Marcy Cassidy-Mapp, Staff Writer

Jules Covtiz `24

Contributed by Jules Covitz

Jules Covitz `24 proudly rocks two gargoyles by the tattoo artist Molly Emmerich at Ritual Tattoo Gallery in Denver, Colorado, one resembling a dog and the other an eagle. Covitz said that the purpose of the gargoyles in architecture is to allow water to drain, similar to gutters. In addition to loving medieval designs and appreciating the intricate and detailed nature of gargoyles, Covitz has a background as a florist. The tattoos are accordingly designed to have flowers flowing out of their mouths.

“Some of my tattoos definitely were sort of spur-of-the-moment,” Covitz said.“While there are some regrets about them, I just want to remember this moment in my life when I had youth and ideas.”

Contributed by Jules Covitz

Covitz said that they see getting tattoos as a way to reclaim their body and control what people notice when they see them. They expressed that having control over the scars in their life is empowering, and they believe getting tattoos can be a way to fight against the prejudices surrounding them.

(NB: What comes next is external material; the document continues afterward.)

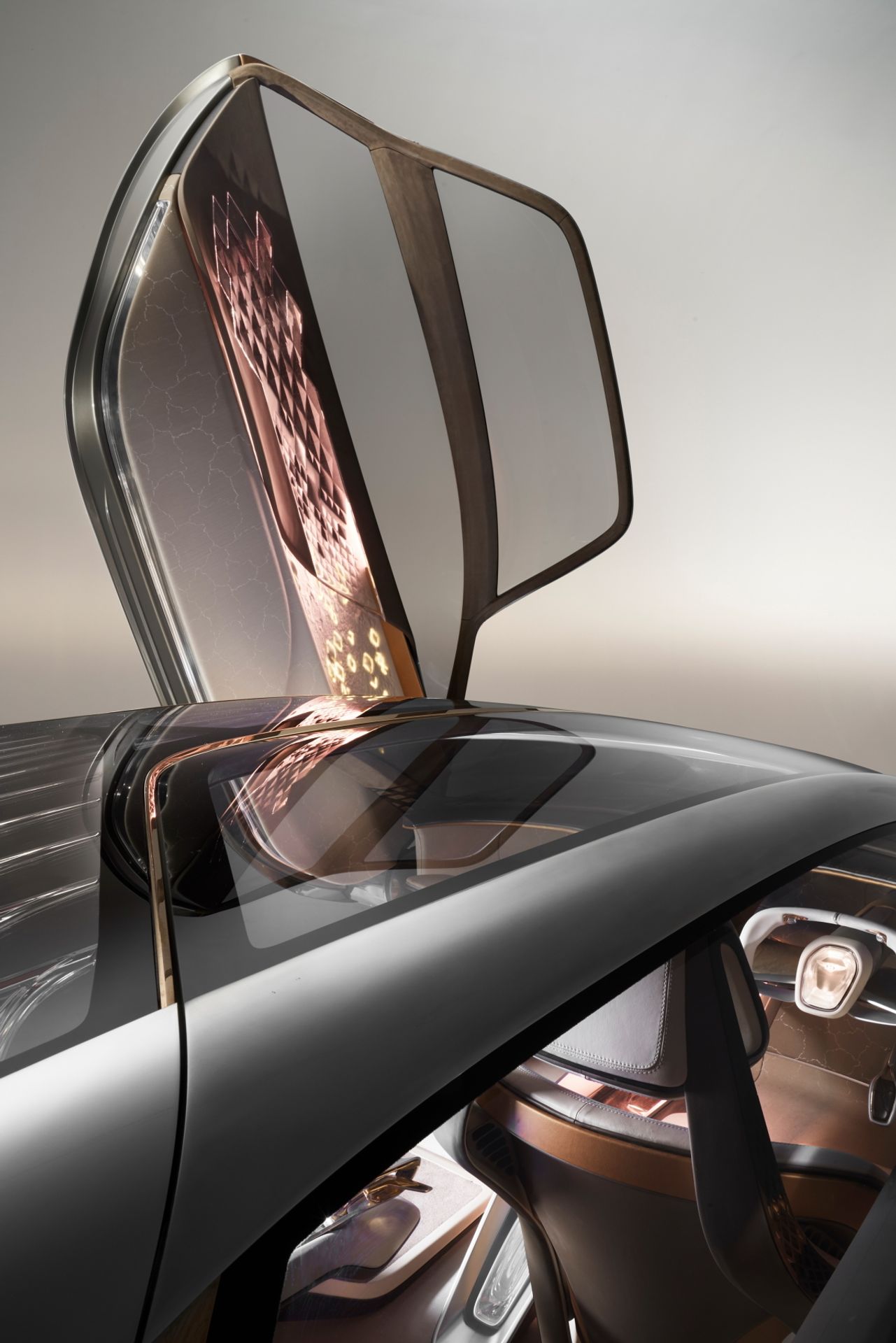 Bentley EXP 100 GT - 7 - Fotogalerie: Velkolepý prototyp Bentley EXP 100 GT (11/15)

“My tattoos on my shoulder blade and my inner arm accentuate the areas that make me feel more masculine,” Covitz said. “You’re inevitably going to have scars in your life, but to have control over them and have a say in the matter is really nice.”

Ruby Brent `25

Owen Barbato

If anyone ever suggests you have to trade quality for quantity, they’ve never met Ruby Brent `25, owner of nearly a dozen individual tattoos. Brent’s favorite is of an iris on her shoulder blade, a reference to the album cover of her favorite song, “Iris” by the Goo Goo Dolls.

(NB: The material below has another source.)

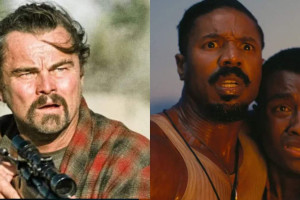 "Uma Batalha Ap&oacute;s a Outra", de Paul Thomas Anderson, e "Pecadores", de Ryan Coogler disputar&atilde;o trof&eacute;u de melhor filme at&eacute; o &uacute;timo minuto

“It’s still my favorite song 100%, but I struggled a lot with my mental health in high school, and that song is just connected to so many different memories,” Brent said.

Brent got that first tattoo in August of 2020, after she turned 18. The same Chicago-based artist did many of her tattoos which range in subject and meaning. Some relate to her beloved summer camp while others were more spontaneous and  simply looked cool, according to Brent.

Owen Barbato

“I would say most of them have been spontaneous, where I don’t really know what I want,” Brent said. “Then, one day, it just hits me, and that’s what I’m doing. It’s just like a single moment where that’s the tattoo that I want.”

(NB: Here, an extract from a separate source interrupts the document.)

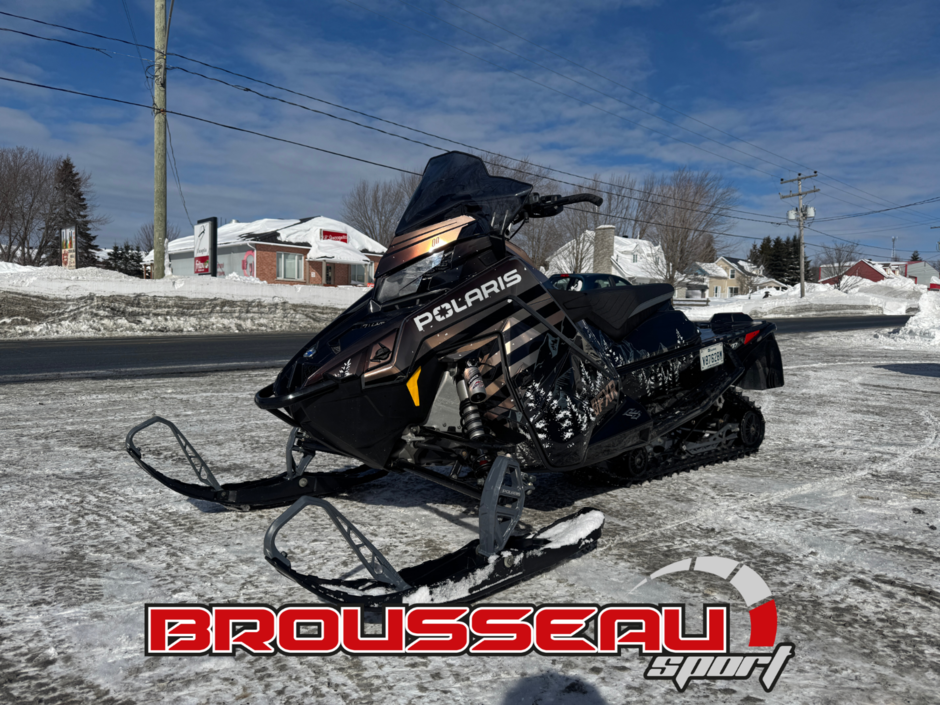 2021 Polaris 650 Indy XC 137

Brent sees her tattoos as a way of putting her own artwork on her body, and she cherishes the journey that each tattoo represents. She is currently working on her sticker sleeve and plans to tie them all together with a background once she has enough money.

Kade Dolphin `24

Owen Barbato

Kade Dolphin `24 has always been thoughtful about what tattoo he would get — when spring break of his sophomore year came around, he decided to take the leap with some friends. He returned to campus sporting a tattoo of a wave enclosed by a triangle shape.

“I was gonna go get a tattoo with some friends, and I had like a week to figure out what I want, what are my hobbies, what I like to do,” Dolphin said. “I’ve been swimming since I was like three or four, and I wanted something with water.”

Owen Barbato

Dolphin’s lifelong affinity for swimming played a role in his decision as he wanted his first tattoo to represent something meaningful to him. He found inspiration for the tattoo in an episode from the fourth season of a television show called “The Good Place,” where life is compared to a wave that crashes and returns to the ocean.

When Dolphin’s group of friends went to Champaign, Illinois, they found a tattoo artist who was able to ink everything up the following day. It was a spur-of-the-moment decision, but Dolphin said that he couldn’t be happier with the outcome. He said that the tattoo serves as a reminder to live life like a wave, embracing the highs and lows and going with the flow.

“I liked that metaphor and liked that analogy just because it felt meaningful, and one way for me to live my life is to live as a wave.” Dolphin shared.